# Starting new clothing line Need help with relabeling



## ecoaddict (May 4, 2009)

Hi, I am looking to start an organic clothing line for infants and young children. I am looking for the best pricing on organic cotton onesies and toddler tee shirts to start. I also need some direction on relableing. Any suggestions on who to go with. I live in NJ and want to keep things as close to home as possible to lower my impact on the enviroment. Please help!! I have designs and a name ready. I just need help with actually producing the shirts. I know that's the biggest part!! LOL Thanks......Jenn


----------



## Rodney (Nov 3, 2004)

> I am looking for the best pricing on organic cotton onesies and toddler tee shirts to start


Are you going to be printing the t-shirts yourself? If not, your printer may be able to help you source all the blanks. Some printers can do it all (source the blanks, relabel, print on the t-shirts with your design and just deliver you the finished product).
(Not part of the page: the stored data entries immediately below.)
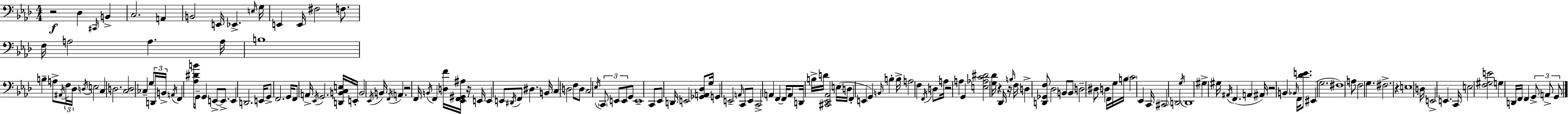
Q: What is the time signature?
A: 4/4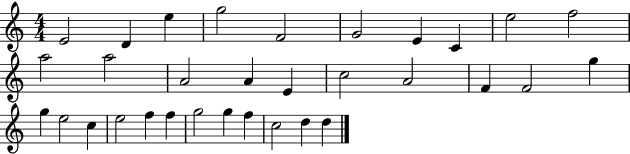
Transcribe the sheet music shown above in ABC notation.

X:1
T:Untitled
M:4/4
L:1/4
K:C
E2 D e g2 F2 G2 E C e2 f2 a2 a2 A2 A E c2 A2 F F2 g g e2 c e2 f f g2 g f c2 d d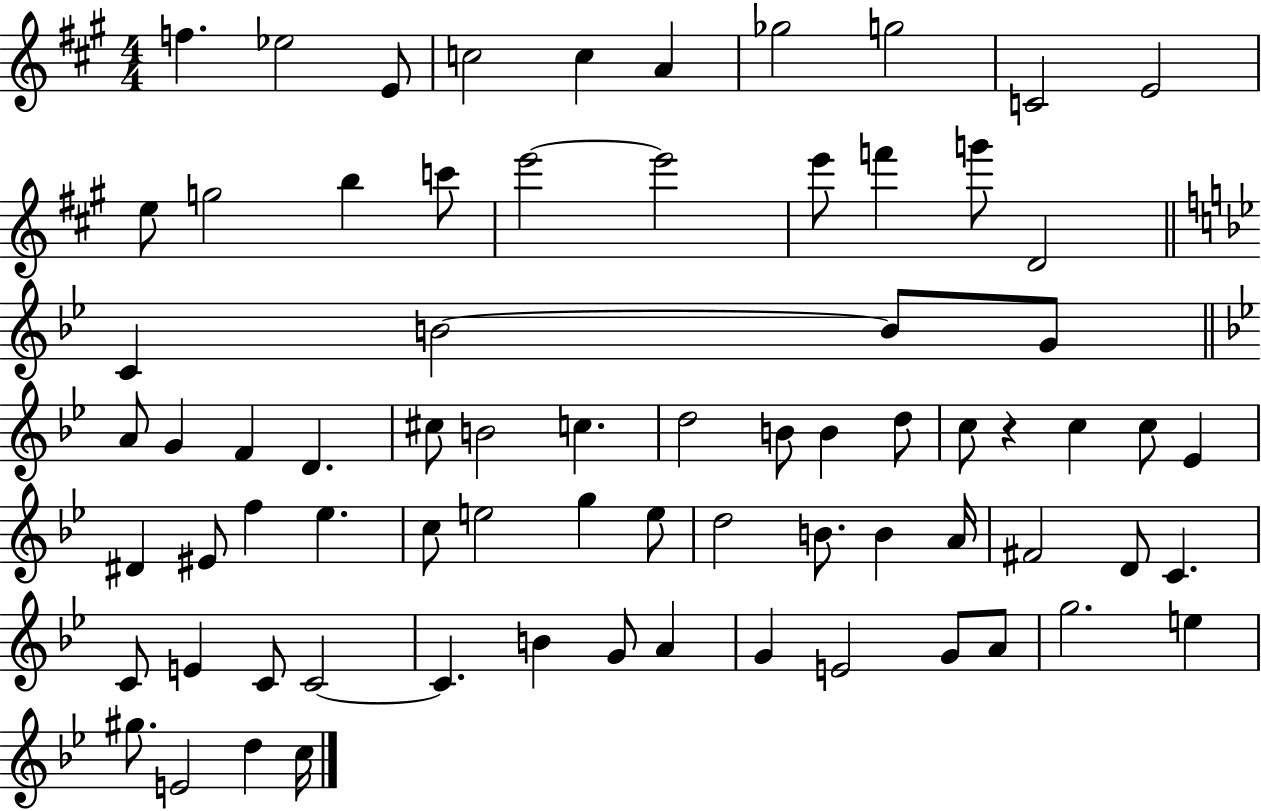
F5/q. Eb5/h E4/e C5/h C5/q A4/q Gb5/h G5/h C4/h E4/h E5/e G5/h B5/q C6/e E6/h E6/h E6/e F6/q G6/e D4/h C4/q B4/h B4/e G4/e A4/e G4/q F4/q D4/q. C#5/e B4/h C5/q. D5/h B4/e B4/q D5/e C5/e R/q C5/q C5/e Eb4/q D#4/q EIS4/e F5/q Eb5/q. C5/e E5/h G5/q E5/e D5/h B4/e. B4/q A4/s F#4/h D4/e C4/q. C4/e E4/q C4/e C4/h C4/q. B4/q G4/e A4/q G4/q E4/h G4/e A4/e G5/h. E5/q G#5/e. E4/h D5/q C5/s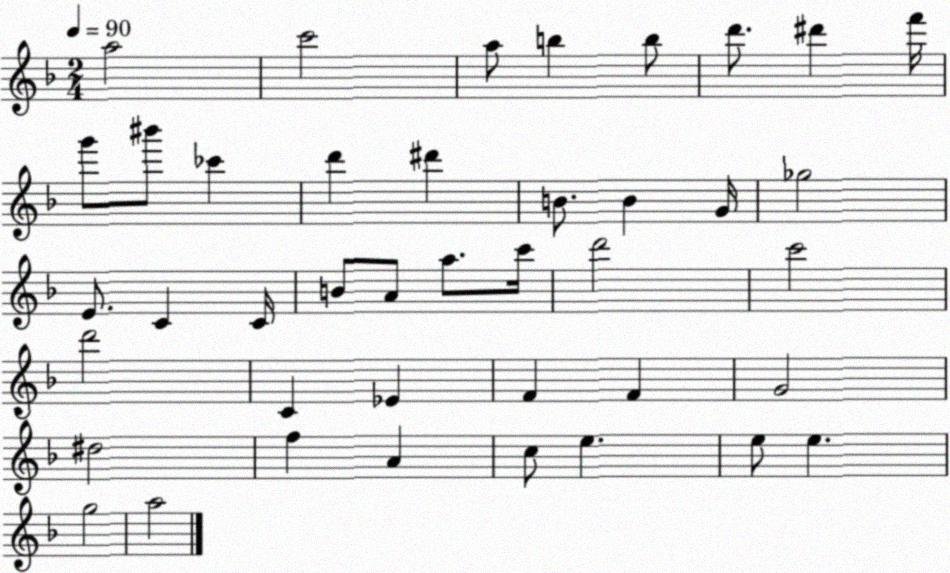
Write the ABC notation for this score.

X:1
T:Untitled
M:2/4
L:1/4
K:F
a2 c'2 a/2 b b/2 d'/2 ^d' f'/4 g'/2 ^b'/2 _c' d' ^d' B/2 B G/4 _g2 E/2 C C/4 B/2 A/2 a/2 c'/4 d'2 c'2 d'2 C _E F F G2 ^d2 f A c/2 e e/2 e g2 a2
You can find some blank t-shirt vendor suggestions in our wholesale section of the forum here:

Wholesale T-Shirts and Other Imprintable Products - T-Shirt Forums

You can find organic information here:

organic related topics at T-Shirt Forums

And kids blank information here:
kids related topics at T-Shirt Forums



> . I also need some direction on relableing. Any suggestions on who to go with.


If you check with your local yellowpages, you may find seamstresses in your area that can do relabeling.

Here's some more information on relabeling that may help:
http://www.t-shirtforums.com/tags/relabeling/

Also, if you order your blank t-shirts from tscapparel, they can do relabeling.

This thread may also be helpful: http://www.t-shirtforums.com/general-t-shirt-selling-discussion/t82368.html


----------